> _WHAT NEEDS TO BE DONE_
Would you print, word for word, only the lines running from the line with "Vista aérea del" to the last line of the entries, without the pictures?
==== DATASET RECORDS
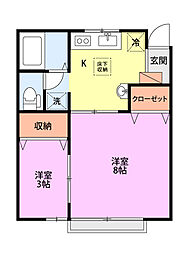 ポポラーレ3 2Kの間取図画像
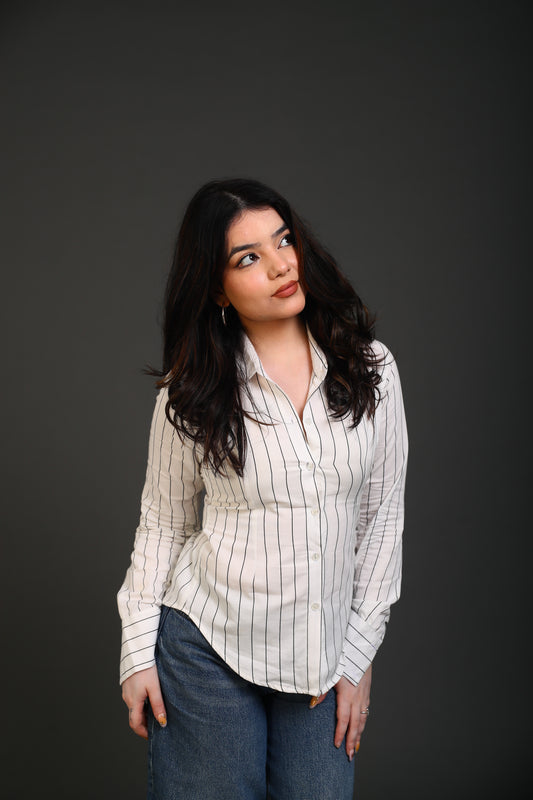 White Striped fitted shirt
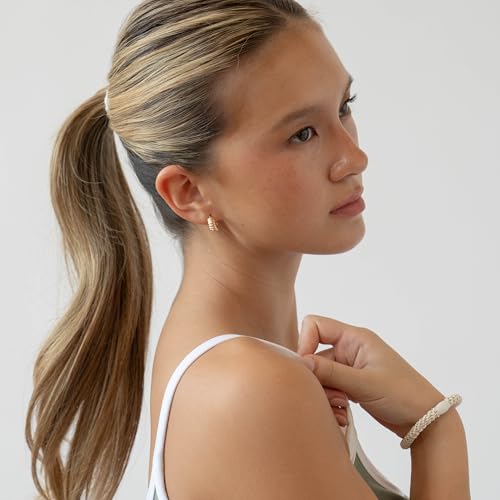 L. Erickson Blonde Hair Ties for Thick Hair, Grab & Go Ponytail Holders, 8 Pack, Minimal Neutrals, Thick No-Crease Bands with Strong Hold, Damage-Free Design, Clean Earthy Mix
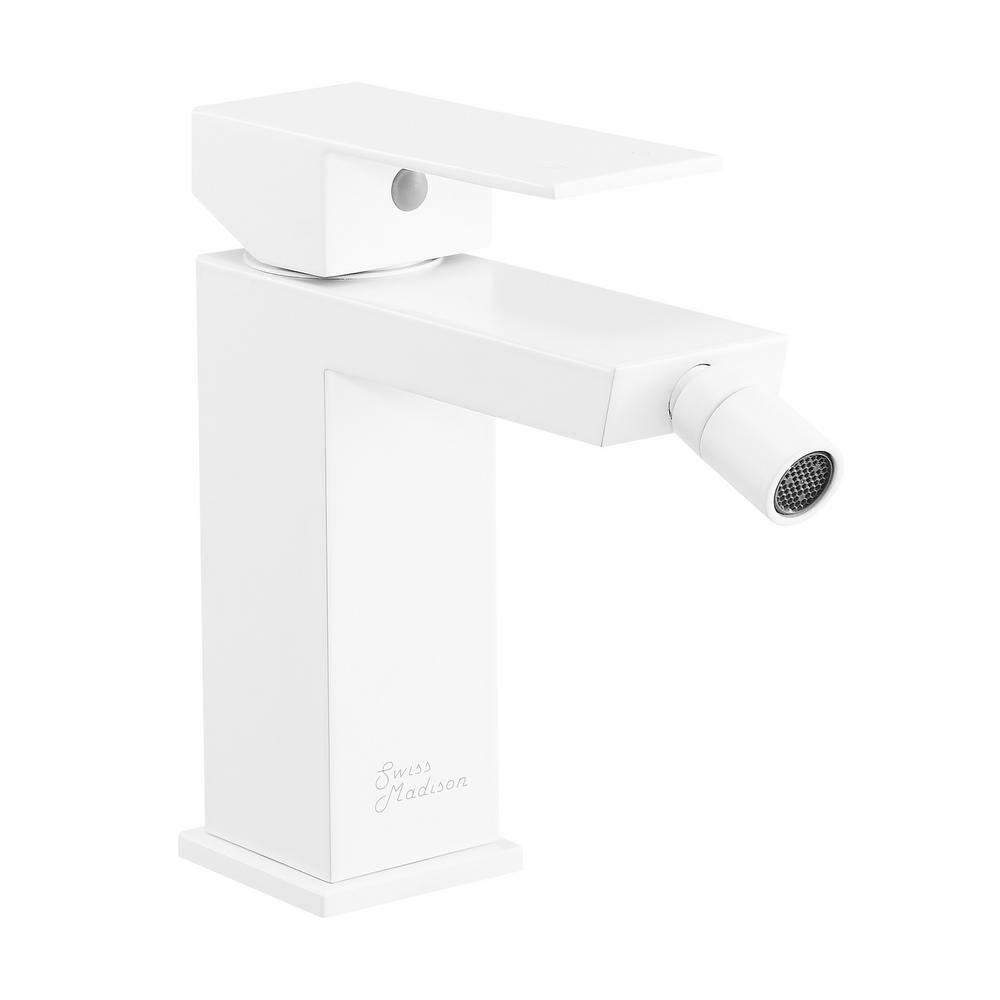 Swiss Madison Concorde Single-Handle Bidet Faucet in Matte White SM-DF80MW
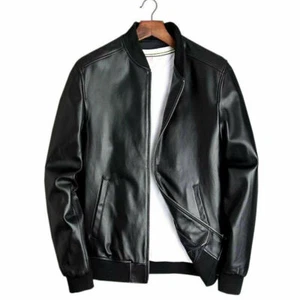 GIACCA BOMBER DA UOMO NERA IN VERA PELLE NERA SLIM FIT GIACCA STILE BIKER - Foto 1 di 4
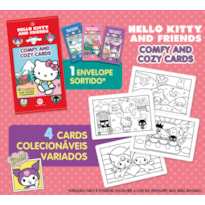 Hello Kitty - Comfy and Cozy 4 Cards para colorir e colecionar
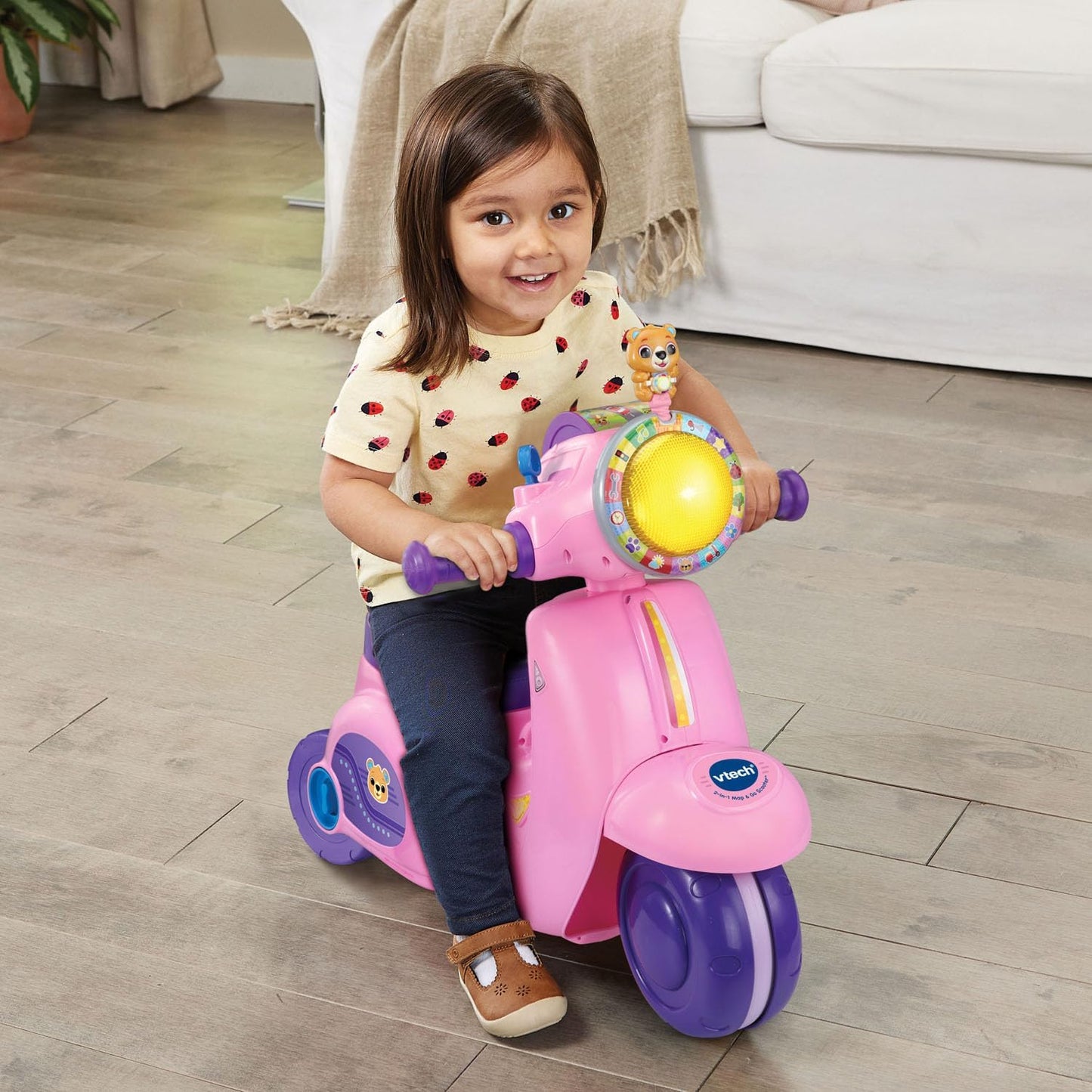 VTech 2-in-1 Map and Go Scooter for Toddlers | Interactive Ride-On & Push Scooter with Lights, Music, Learning Activities & Pretend Navigation | Pink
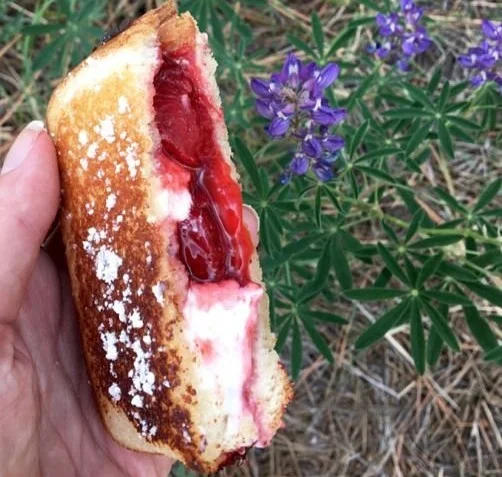 Campfire Strawberry Cheesecake Pudgy Pie on a graham cracker crust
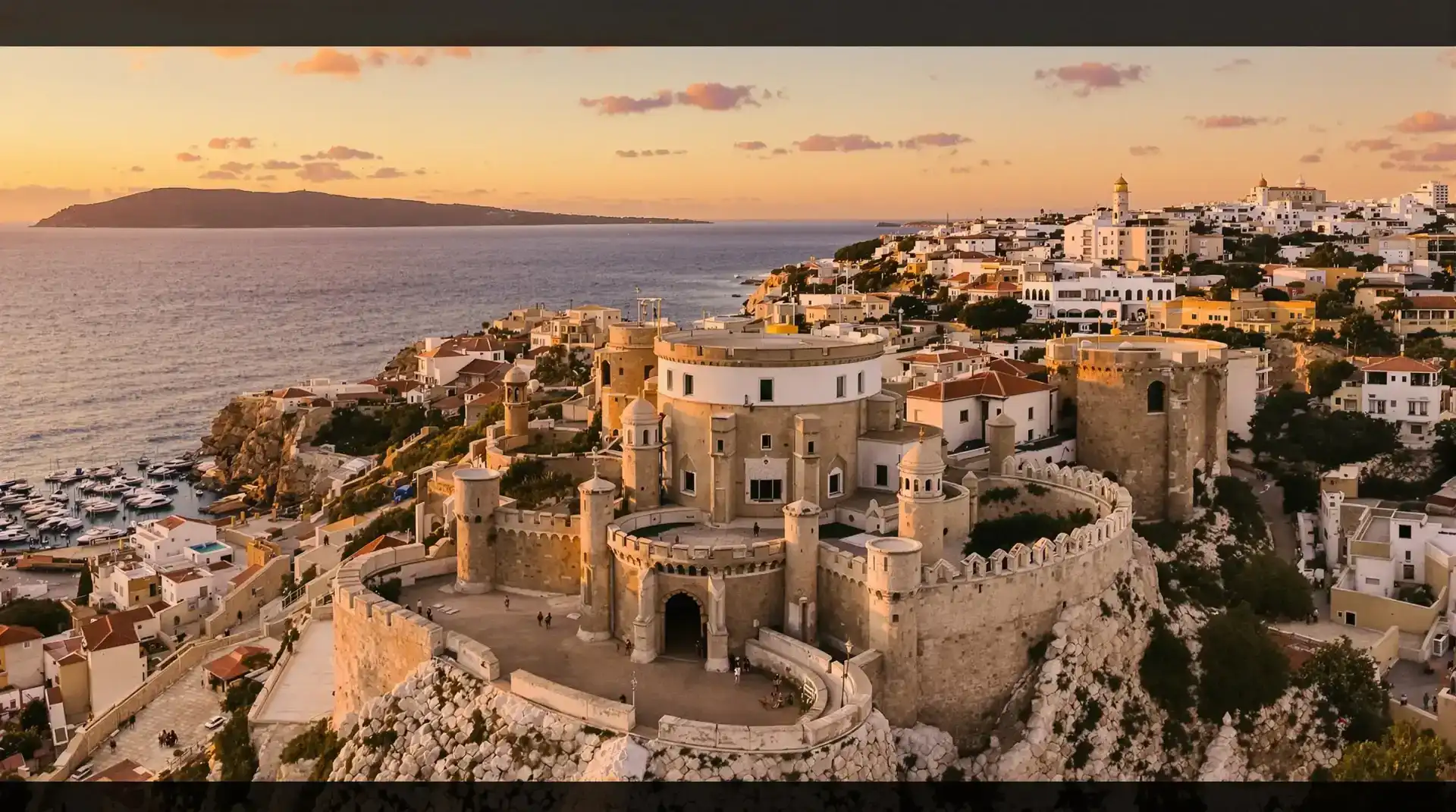 Vista aérea del Castillo del Papa Luna en Peñíscola para vídeo profesional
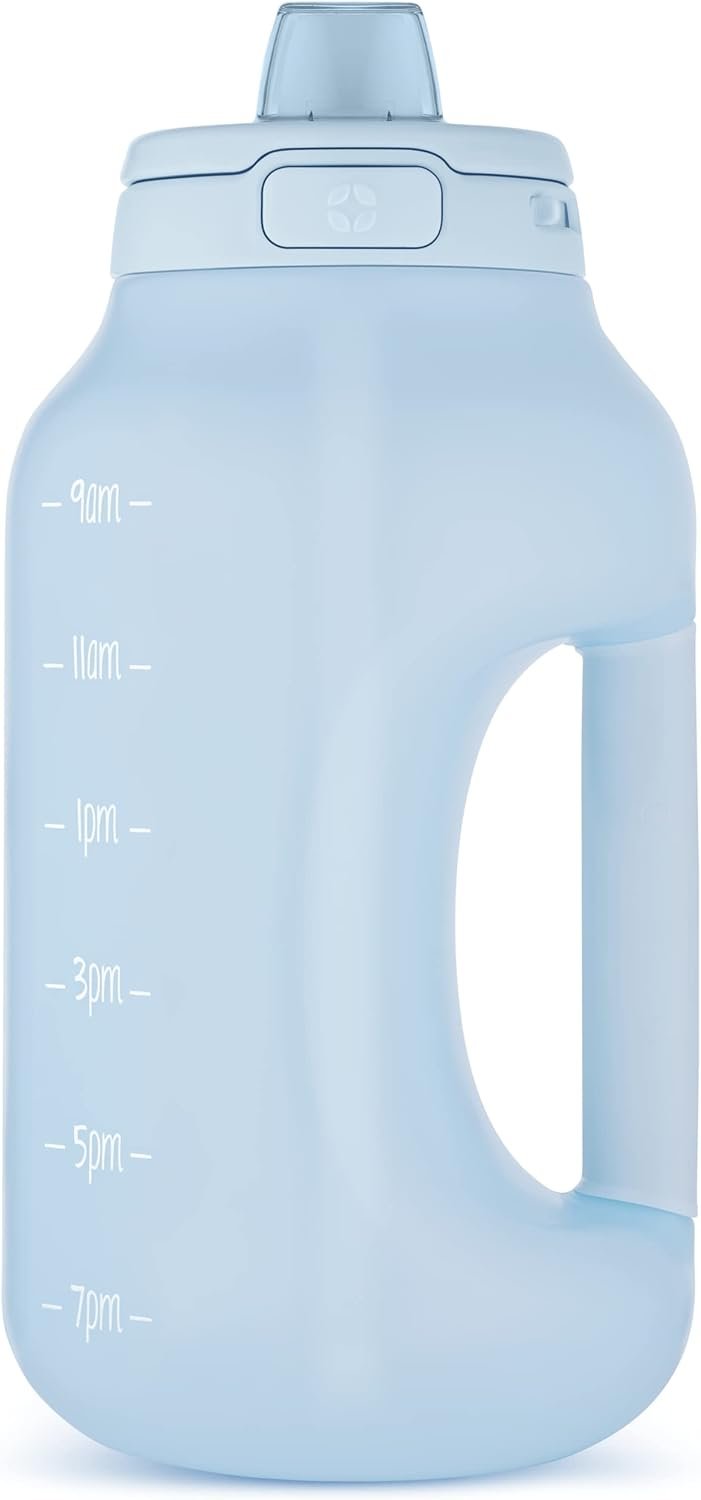 Ello Hydra 64oz Half Gallon Water Jug with Handle and Motivational Time Markers for All Day Hydration, Plastic Reusable Water Bottle with Straw and Locking, Leak Proof Lid, BPA Free, Halogen Blue | Large plastic water bottle jug for all day hydration with time markers, carry loop, straw, leakproof lid, and BPA-free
========
> _WORKED SOLUTION_
 Vista aérea del Castillo del Papa Luna en Peñíscola para vídeo profesional
 Ello Hydra 64oz Half Gallon Water Jug with Handle and Motivational Time Markers for All Day Hydration, Plastic Reusable Water Bottle with Straw and Locking, Leak Proof Lid, BPA Free, Halogen Blue | Large plastic water bottle jug for all day hydration with time markers, carry loop, straw, leakproof lid, and BPA-free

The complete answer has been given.